NE Texas, Longview area. 3-5 bars in my house depending on the room. 5 Bars at my daugther's house in Kingwood, TX. NO whispernet at all at the hubby's apartment in SW Houston!


----------



## tc (Oct 29, 2008)

I get lower-speed 1x. South Louisiana


----------



## Ann in Arlington (Oct 27, 2008)

Arlington, VA:  you can't swing a dead cat without hitting a cell tower 'round here.  (apologies to the animal lovers among us)  I always have a great signal.

Ann


----------



## farmwife99 (Nov 22, 2008)

I live in a VERY rural area in north Missouri and I have wonderful WN signal. No problem here.


----------



## Jeff (Oct 28, 2008)

Ann Von Hagel said:


> you can't swing a dead cat without hitting a cell tower 'round here. always have a great signal.


I can think of better ways to signal; swinging a dead cat seems a little extreme.

I have heard however that swinging a dead cat is a sure cure for warts:

"Say -- what is dead cats good for, Huck?" (asks Tom Sawyer)
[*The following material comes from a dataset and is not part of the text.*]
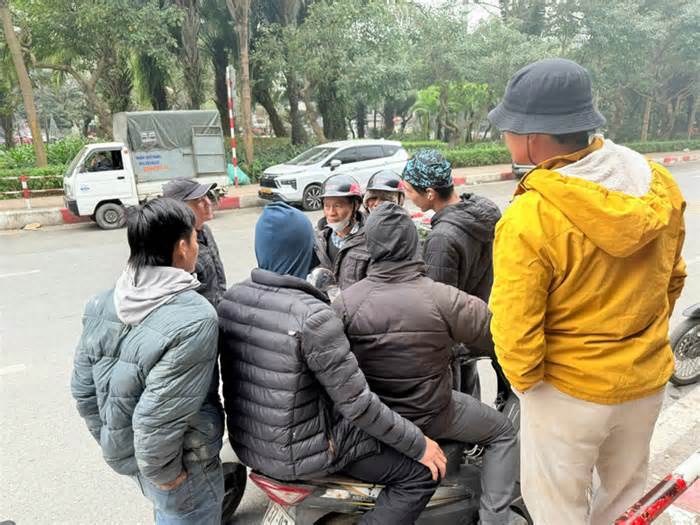 'Chợ người' giáp Tết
"Good for? Cure warts with."
______________________________________________

I'm deep in the heart of Texas about half way between Waco and the George W. Bush ranch. Our closest neighbors are longhorns and we have a perfect, blazing fast, Whispernet connection.


----------



## Tippy (Dec 8, 2008)

Does a signal or dead cat cure warts.  Confused.  Hope its the signal.  Live in Rapid City, SD.  No WN service.  Really a bummer, but I did my homework before purchasing -- no surprises.  However I do feel just a little bit cheated in that I am not able to fully utilize my Kindle (am thinking her name is Abby. . . but maybe not).  However, change can happen in South Dakota. . . however slowly!


----------



## Leslie (Apr 7, 2008)

5 bars here in Portland, Maine!

L


----------



## supermom (Nov 19, 2008)

I live 20 minutes south of South Bend Indiana in the middle of nowhere and my kindle gets signal, but my husbands cell phone (which is sprint/nextel) does not.  Crazy how that is.


----------



## sramalouf (Dec 1, 2008)

In Montana where, of course, there is no Sprint.  I leave the state every now and again.


----------



## Miss Molly (Nov 7, 2008)

Hmm - I didn't realize that it would take a few minutes for the bars to show up; I figured that they would show immediately like on my cell phone. Maybe I didn't leave it on long enough in Hanover for them to actually show up if they were going to. Will have to try again!


----------



## Spiritdancer (Oct 27, 2008)

I have a great connection in Jacksonville, FL.  Worked fine in San Diego too...and in the Atlanta airport.


----------



## Susan B (Oct 27, 2008)

I am located in South East Louisiana and have WN/EVDO which is not optimal but works well most of the time.


----------



## ScottBooks (Oct 28, 2008)

5 bars in Germantown MD (about 20 miles north and a touch west of DC); 5 bars in Harrisonburg VA; 5 bars in the South Hills of Pittsburgh. I'll find out about Orlando in two weeks.


----------



## MonaSW (Nov 16, 2008)

Hayward, CA. 5 bars at all times. But that's not surprising.


----------



## Lotus (Oct 31, 2008)

Palm Springs, CA. Never had a problem.


----------



## soapy70 (Oct 29, 2008)

Holiday, FL, just north of Tampa-always have 5 bars!


----------



## Guest (Dec 12, 2008)

Kindle, can you read me now?  Good!

Kindle, can you read me now?  Good!


----------



## Guest (Dec 12, 2008)

No problems here in New York City.


----------



## Guest (Dec 12, 2008)

I always have 4-5 bars here in Little Rock, AR. Works great at my house even when my Cricket cell doesn't.


----------



## Betsy the Quilter (Oct 27, 2008)

Northern VA, no problem!  Can't wait to see if it works in February in Mission Beach, San Diego, CA!

Betsy


----------



## Kristena (Nov 18, 2008)

I'm in Sonoma County, SF North Bay Area and I usually have good Whispernet coverage but not always 5 bars.  I'm kind of on the outskirts of my city and in a bit of a hilly area and I don't really have cell phone coverage at my house.  (Yes, my husband works for a telecom....and I get little coverage....)  If my cell phone rings while I'm at home I don't even answer it because I know the reception will be spotty.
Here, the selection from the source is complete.